Mówi: | Łukasz Boroń |
Funkcja: | prezes zarządu |
Firma: | PKP Cargo |
Udział PKP Cargo w rynku przekracza 60 procent
PKP Cargo tylko w lipcu przewiozło około 10 mln ton ładunków. To bardzo dobry wynik, biorąc pod uwagę kurczący się rynek przewozów kolejowych. Od kwietnia do czerwca udział PKP Cargo w rynku pod względem wykonanej pracy przewozowej przekraczał 60 proc.
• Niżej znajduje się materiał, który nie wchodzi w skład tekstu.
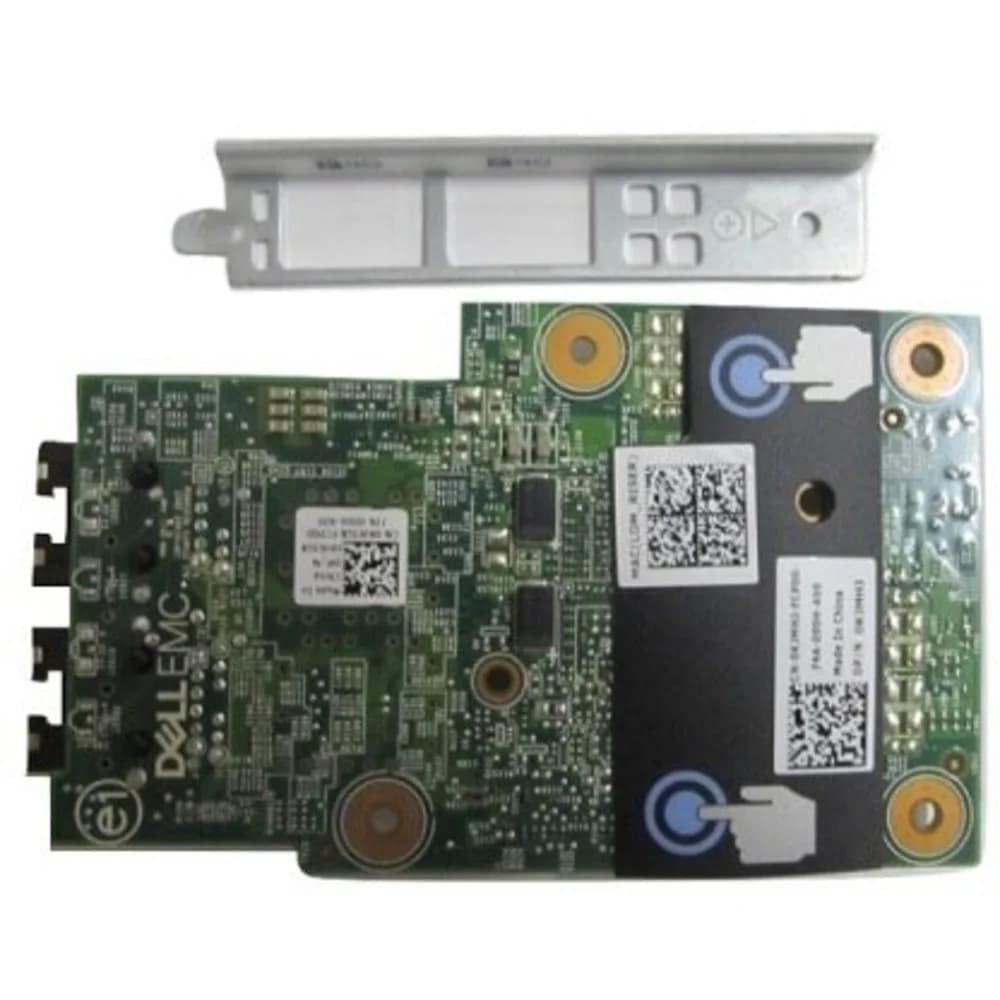 Адаптер Dell Broadcom 57416 10G 2P Base-T LOM Mezz (540-BCKQ)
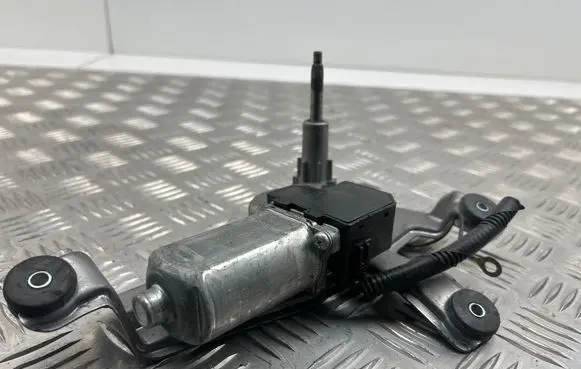 Toyota Corolla Verso AR10 Rear window wiper motor 851300F010 2596001022
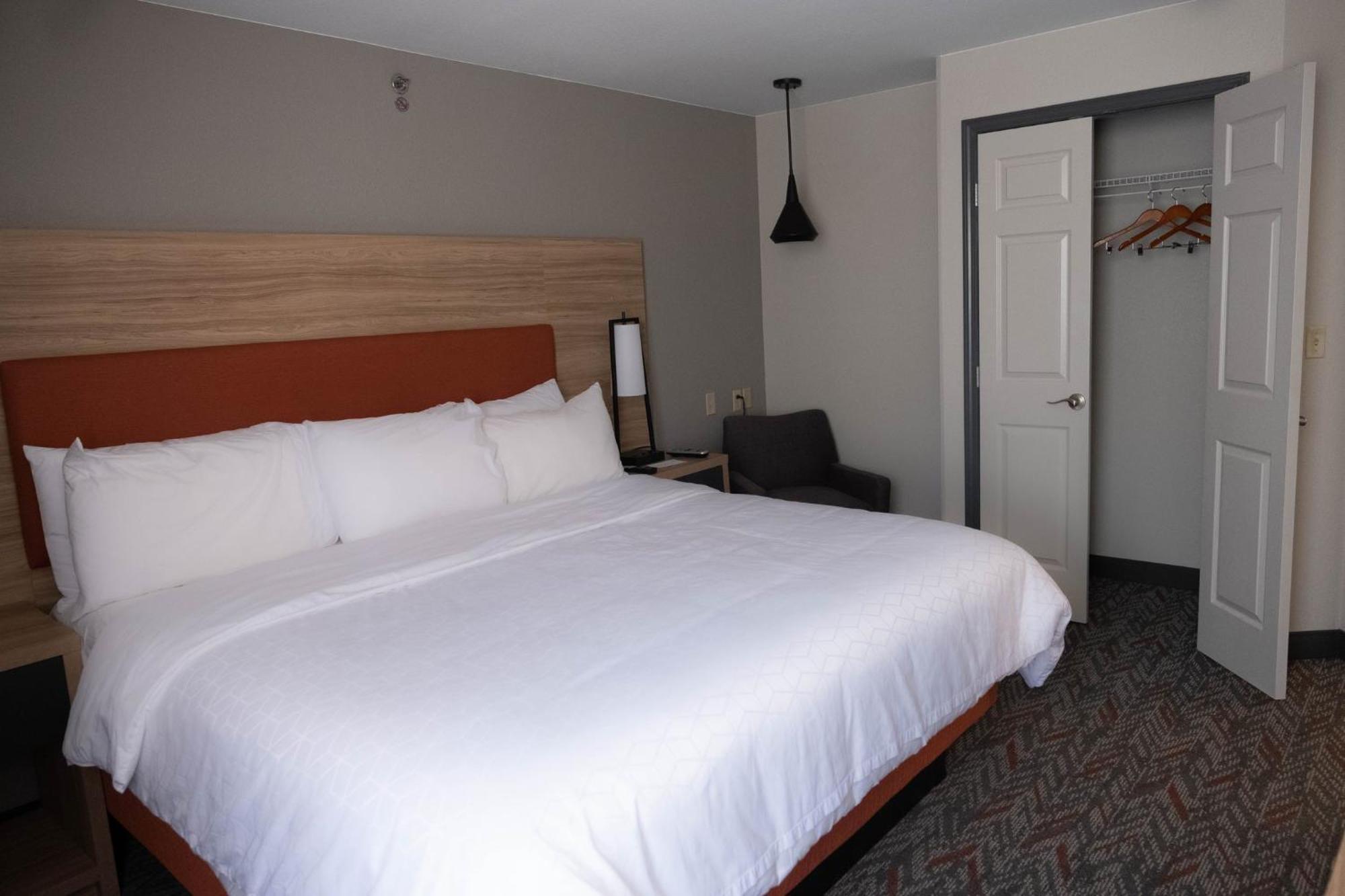 Candlewood Suites Sheridan By Ihg Εξωτερικό φωτογραφία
– Taki udział w rynku pod względem pracy przewozowej to naturalna pozycja przy obecnej strukturze przewozów z dominującym udziałem węgla, kamienia i metali. Natomiast oczywiście są takie segmenty, w których chcielibyśmy się rozwijać jeszcze bardziej, także na polskim rynku – zapowiada w rozmowie z Agencją Informacyjną Newseria Łukasz Boroń, prezes zarządu PKP Cargo. – Będziemy bardzo aktywnie ofertować w III i IV kwartale, aby nie tylko utrzymać nasz obecny udział w rynku, ale zawalczyć również o segmenty, w których nasz udział jest niski.
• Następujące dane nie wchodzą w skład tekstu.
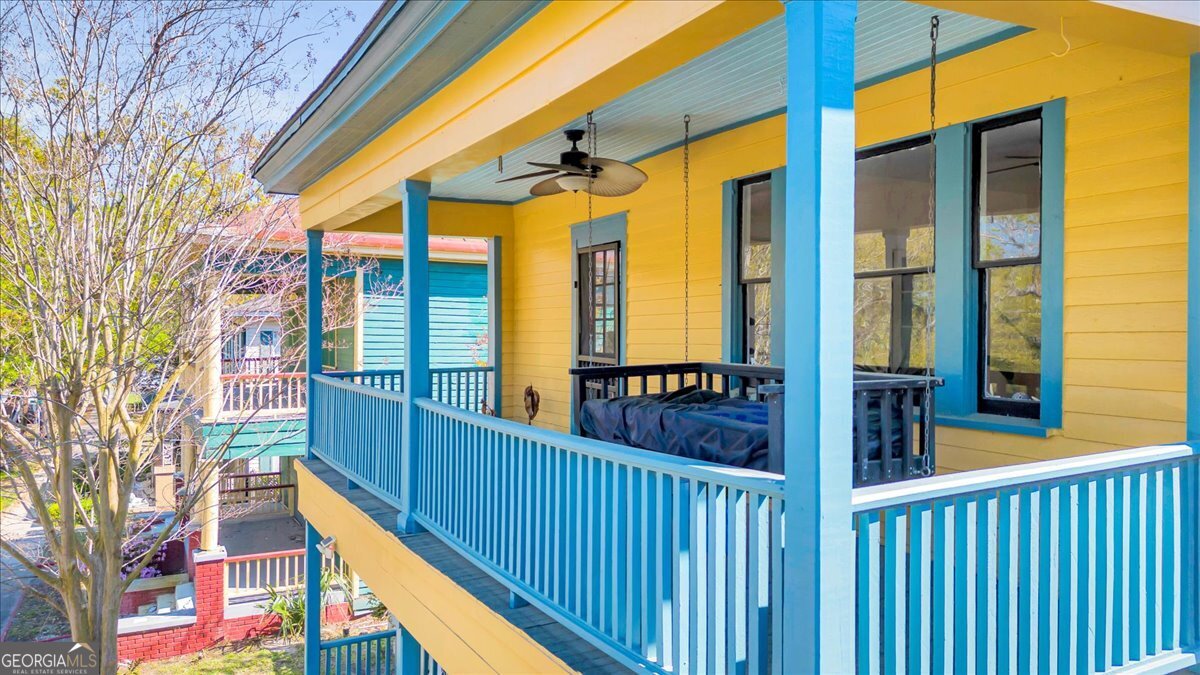 515 E Duffy Street Savannah GA 31401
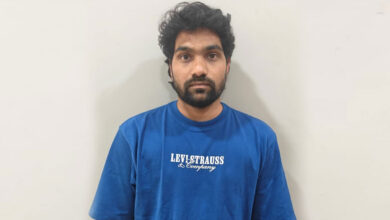 Hyderabad Cybercrime Police Arrest Habitual Matrimonial Fraudster Involved in 20 Fake Matrimonial Scam Cases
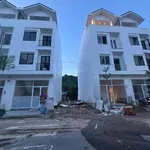 Bán nhà liền kề 75m2 Ngô Văn Sở Nha Trang 11.5 tỷ - Ảnh thu nhỏ 1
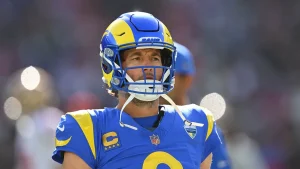 NFL Week 1 reactions: Rams in a frenzy, Bears excitement, and Chargers uncertainty require patience after just one game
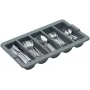 Cutlery set Esmeyer Stockholm 181-piece, stainless steel 18/10, high gloss finish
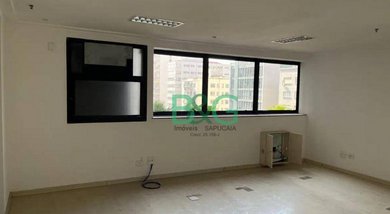 office em Avenida Angélica, Santa Cecília - São Paulo - SP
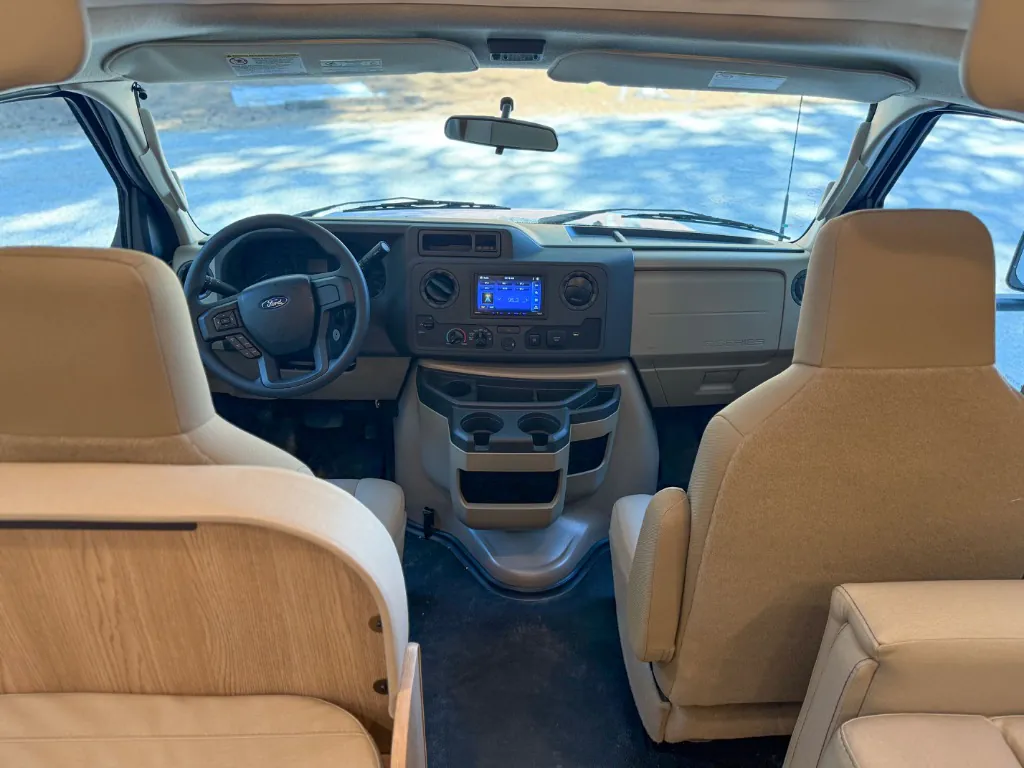 2026 Thor Motor Coach Quantum LZ28 - Photo 3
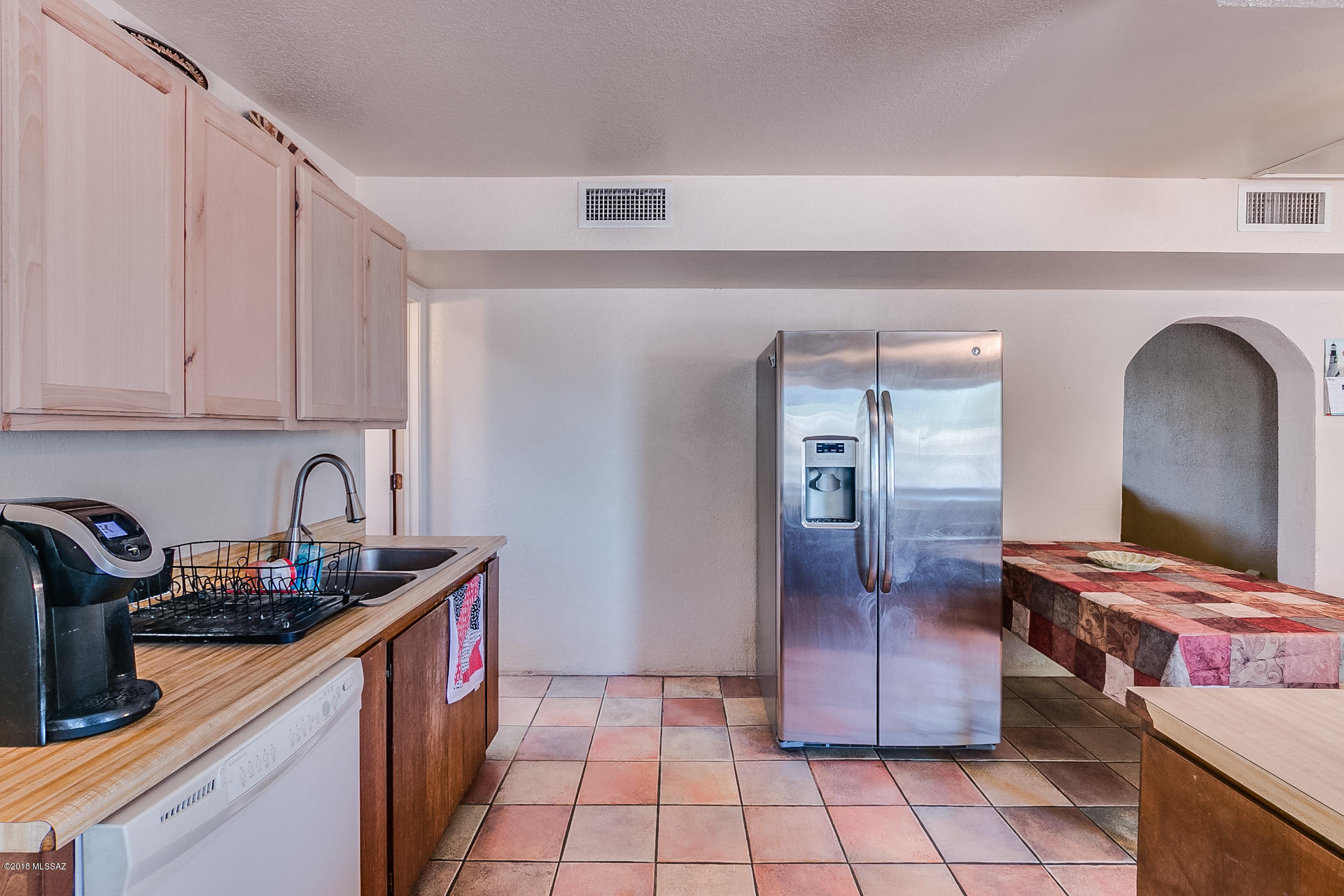 Western Hills Addition NO. 1 - Residential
Według danych opublikowanych ostatnio przez Urząd Transportu Kolejowego (UTK), w czerwcu br., udział PKP Cargo w rynku pod względem masy przewożonych towarów wyniósł 49,8 proc. Dane za lipiec nie zostały jeszcze opublikowane przez UTK, ale z informacji otrzymanych od spółki wynika, że przewiozła ona w lipcu około 10 mln ton ładunków. Od kwietnia br. udział PKP Cargo w rynku pod względem wykonanej pracy przewozowej regularnie przekracza 60 proc. Jak zauważa prezes zarządu PKP Cargo, to dla spółki wskaźnik ważniejszy niż udział w rynku pod względem masy przewożonych towarów.
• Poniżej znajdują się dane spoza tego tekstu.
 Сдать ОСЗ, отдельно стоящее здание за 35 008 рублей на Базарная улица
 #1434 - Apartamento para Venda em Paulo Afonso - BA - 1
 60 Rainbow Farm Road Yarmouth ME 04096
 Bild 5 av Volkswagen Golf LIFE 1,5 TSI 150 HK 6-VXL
Prezes zarządu spółki podkreśla, że zmiany na rynku kolejowego transportu towarowego następują wraz ze zmianą trendów w gospodarce. Zgodnie z przewidywaniami, w miarę wychodzenia ze spowolnienia gospodarczego oraz dzięki wejściu w życie od stycznia przyszłego roku nowej perspektywy budżetowej UE, powinna wzrosnąć aktywność inwestycyjna, a tym samym przewozy kolejowe.
W marcu br. udział PKP Cargo w rynku pod względem masy przewożonych ładunków spadł do rekordowo niskiego poziomu 46,3 proc. W całym pierwszym półroczu br., udział spółki wyniósł 48,3 proc. – o 2,2 punktu proc. mniej niż w tym samym okresie 2012 r.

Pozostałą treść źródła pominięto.